While Fielder languished in Detroit, Choo flourished in Cincinnati. The Korea native embraced a move to center field and the leadoff position as warmly as one joining a new team and entering a contract year could. Along the way, he posted the second-best OBP in the National League, trailing only former teammate Joey Votto. Of course, there is something to be said for how Choo did it. Although he's always walked at a good rate and been struck by a fair number of pitches, last season he took both to new heights. In fact, his 26 HBP were the most since Chase Utley was pegged with 27 pitches in 2008.
The good new for the Rangers is, should Choo see his walk and hit-by-pitch rates regress, he can cover with other skills. Choo possesses one of the best all-around offensive games in the league, and has the ability to hit for better-than-norm batting averages and slugging percentages. Additionally, he's a threat to hit 20 home runs and swipe 20 bags in a season, something he's already done three times.
The questions then are not whether Choo will hit, but where he'll play and where he'll bat against left-handed pitching. Presumably Ron Washington plans on sliding Choo back to a corner position, likely left field, where his arm cancels out some of his range-based deficiencies. Unfortunately, hiding Choo's bat against southpaws is a tougher dilemma. It is perhaps worth noting that Choo's issues against lefties—he has a .241 multiyear True Average versus them—stem not from a poor OBP, but rather no proven ability to hit for average or power against same-side pitching. Given that Choo has still managed to get on base more than 33 percent of the time, it's possible the Rangers suck it up and play him daily anyway.
There is risk here that the final year or two won't be pretty. That's the case with every seven-year deal, however.
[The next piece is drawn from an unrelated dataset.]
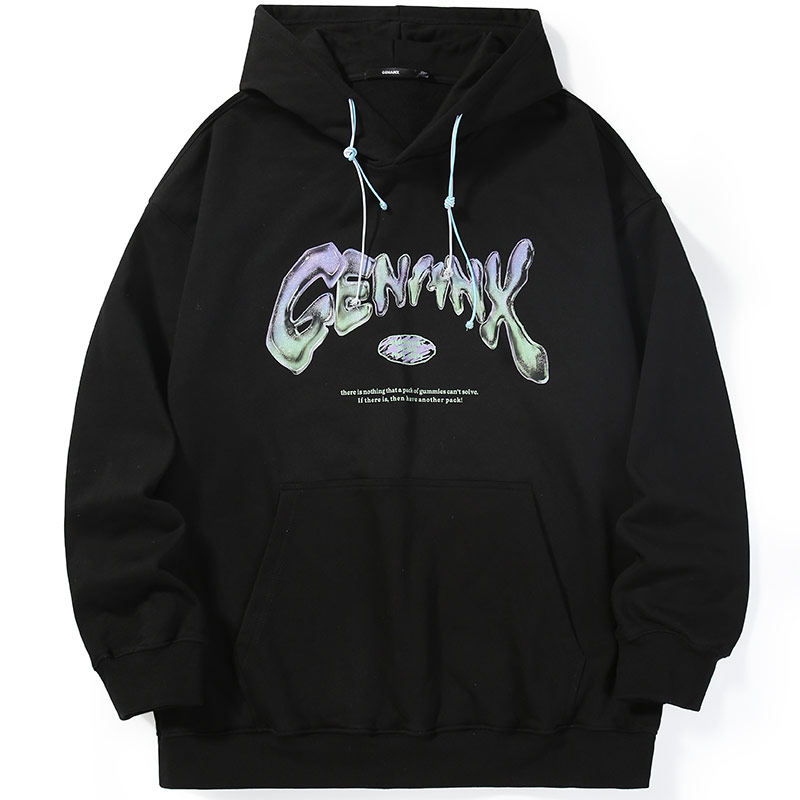 GENANX闪电潮牌黑色连帽加绒卫衣外套男女款2024秋冬季新款情侣装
What's more concerning is what the Rangers will do in three or four years' time, should both Choo and Fielder's gloves demand the DH spot. That's a possibility Daniels and the Rangers have likely thought about already. For now, Choo should give Texas another middle-of-the-order bat, one capable of helping to replace Josh Hamilton and, perhaps, Nelson Cruz. —R.J. Anderson
Sure, Arlington no longer plays like the launching pad it used to and the AL is the harder league to move to, but Shin-Soo Choo’s stock goes up as he joins a formidable lineup in Texas. Choo’s ability to get on base (.423 OBP in 2013) will be maximized by the projected lineup of Elvis Andrus, Prince Fielder and Adrian Beltre hitting behind him. He scored 107 runs last year and I would anticipate that number holding in 2014. Choo will also benefit from hitting behind a nonpitcher in the American League. In 2013 Choo hit lead off in 143 games under Dusty Baker and I would expect Ron Washington to use him similarly. There is a red flag to keep in mind: Choo hit .215/.347/.265 in 221 PAs against lefties last year. It’s a trend that started in 2012 and looks to get worse as he ages. Still, Choo should be a highly sought-after outfielder in every format in 2014. Plate discipline tends to age well.
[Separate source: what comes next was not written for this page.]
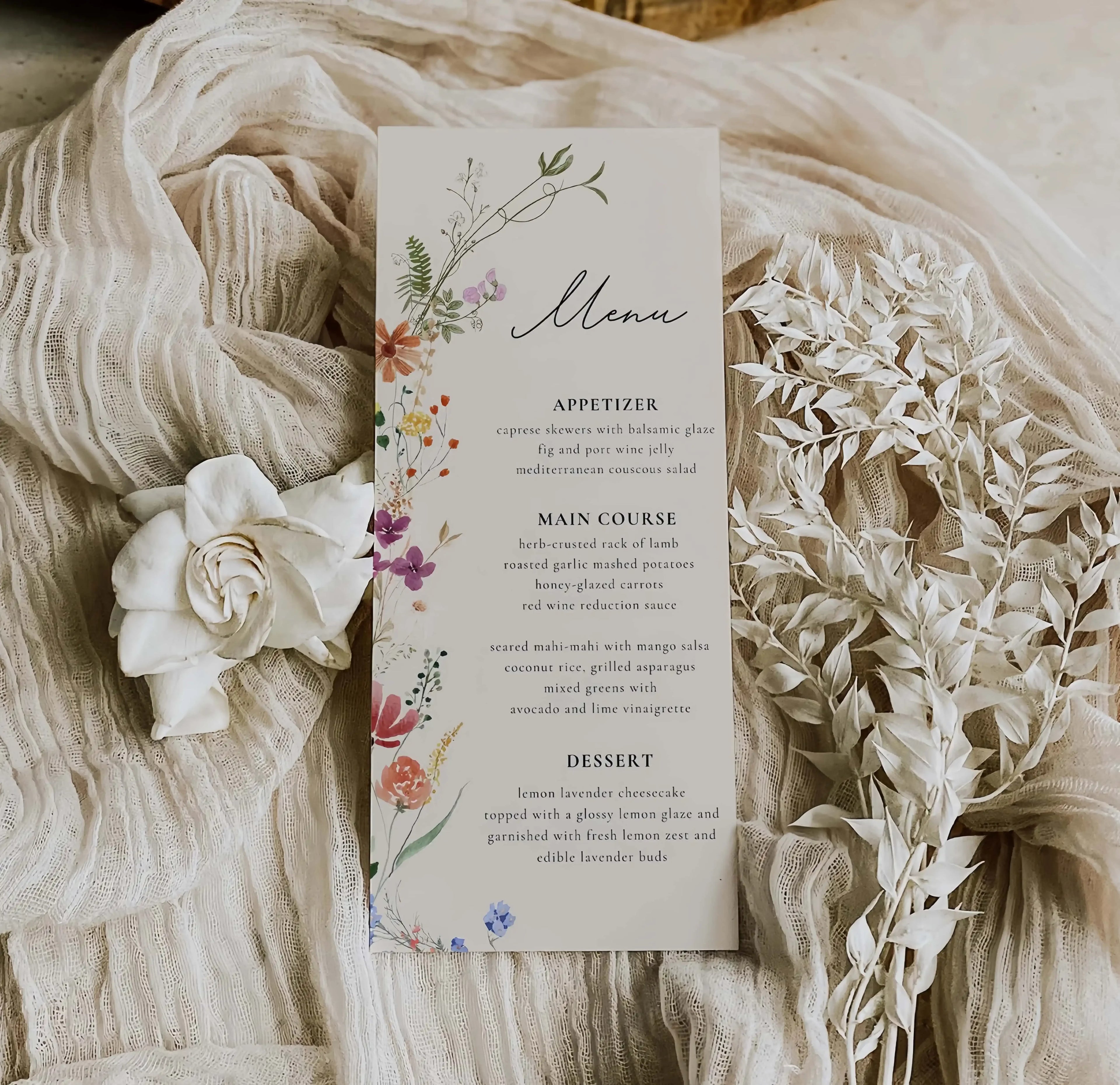 Menus de Casamento Premium com Impressão Letterpress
Prince Fielder/Adrian Beltre
Shin-Soo Choo gets on base at a much higher clip than either Leonys Martin or Elvis Andrus, so placing him at the top of the Rangers’ lineup greatly benefits the big boys in the middle. Expect Fielder and Beltre’s RBI opportunities to increase.
Martin was projected to lead off for the Rangers in 2014. With Choo in the fold he likely gets relegated to hitting eighth or ninth, depending on what Ron Washington wants to do with Jurickson Profar. Martin’s value is tied mainly to his legs, so if he’s hitting ninth he’ll have less of a chance to utilize that tool due to the decrease in total PAs that accompanies hitting at the bottom of the order.
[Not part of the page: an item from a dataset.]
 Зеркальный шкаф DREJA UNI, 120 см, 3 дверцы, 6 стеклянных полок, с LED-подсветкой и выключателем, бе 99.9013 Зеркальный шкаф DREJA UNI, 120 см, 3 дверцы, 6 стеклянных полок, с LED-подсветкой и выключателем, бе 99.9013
Choice was primed to be the Rangers’ starting left fielder in 2014, but Choo’s arrival puts his immediate future in limbo. Choice gets on base (11.5 walk percentage in Triple-A last year) and maybe that’s enough to earn him some playing time over a guy like Mitch Moreland. Choice does handle lefties well enough to entertain a platoon of sorts with Choo, but all of that is a far cry from major league regular.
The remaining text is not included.